▸ **TASK DIRECTIONS**:
The entries that follow include a run beginning at the line with "recette février" and ending at the line with "인천이혼소송과 인천이혼상담, 선택의"; restate that run word for word and leave the rest out.

GIVEN RECORDS Start Marker

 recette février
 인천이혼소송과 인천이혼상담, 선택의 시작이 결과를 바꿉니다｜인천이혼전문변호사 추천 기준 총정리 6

GIVEN RECORDS End Marker
GIVEN RECORDS Start Marker

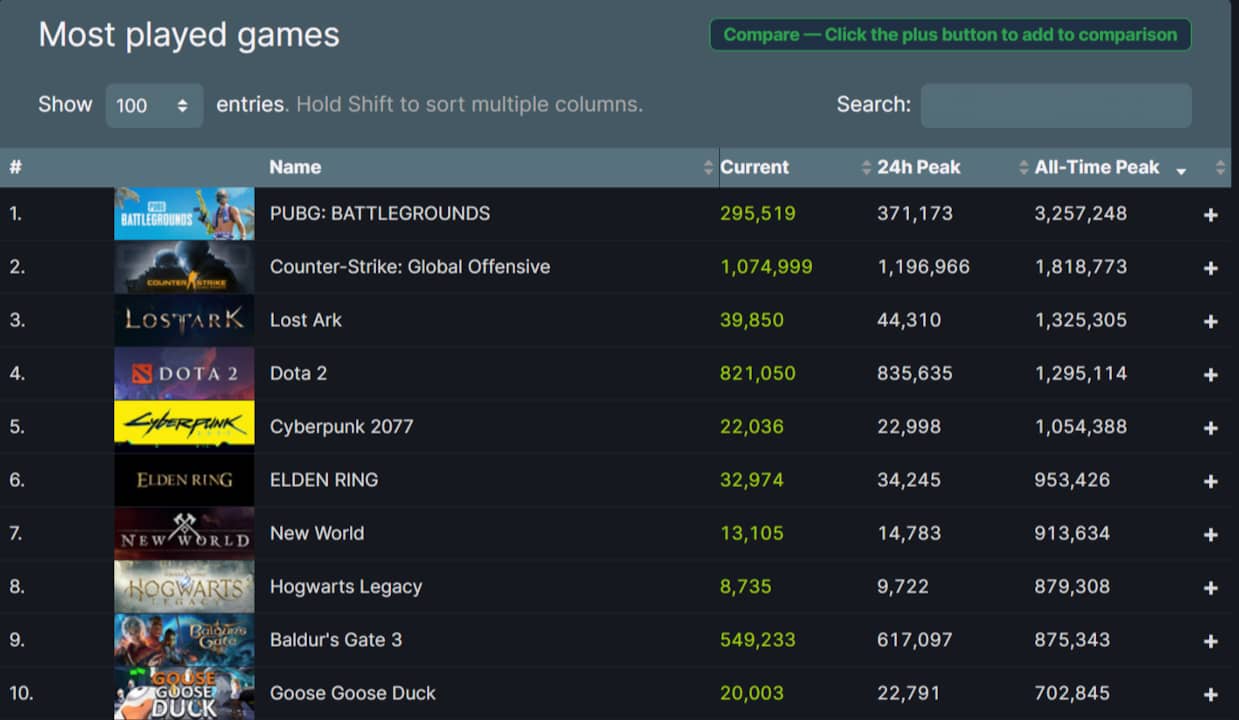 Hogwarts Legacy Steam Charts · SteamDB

GIVEN RECORDS End Marker
GIVEN RECORDS Start Marker

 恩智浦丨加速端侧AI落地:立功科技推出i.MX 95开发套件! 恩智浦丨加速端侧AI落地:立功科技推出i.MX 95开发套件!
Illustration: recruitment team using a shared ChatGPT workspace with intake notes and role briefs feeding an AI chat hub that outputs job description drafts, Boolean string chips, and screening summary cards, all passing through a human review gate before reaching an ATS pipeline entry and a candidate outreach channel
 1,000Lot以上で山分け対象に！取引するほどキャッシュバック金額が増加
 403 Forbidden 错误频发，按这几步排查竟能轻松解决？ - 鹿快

GIVEN RECORDS End Marker

▸ **ANSWER BOX**:
 recette février
 인천이혼소송과 인천이혼상담, 선택의 시작이 결과를 바꿉니다｜인천이혼전문변호사 추천 기준 총정리 6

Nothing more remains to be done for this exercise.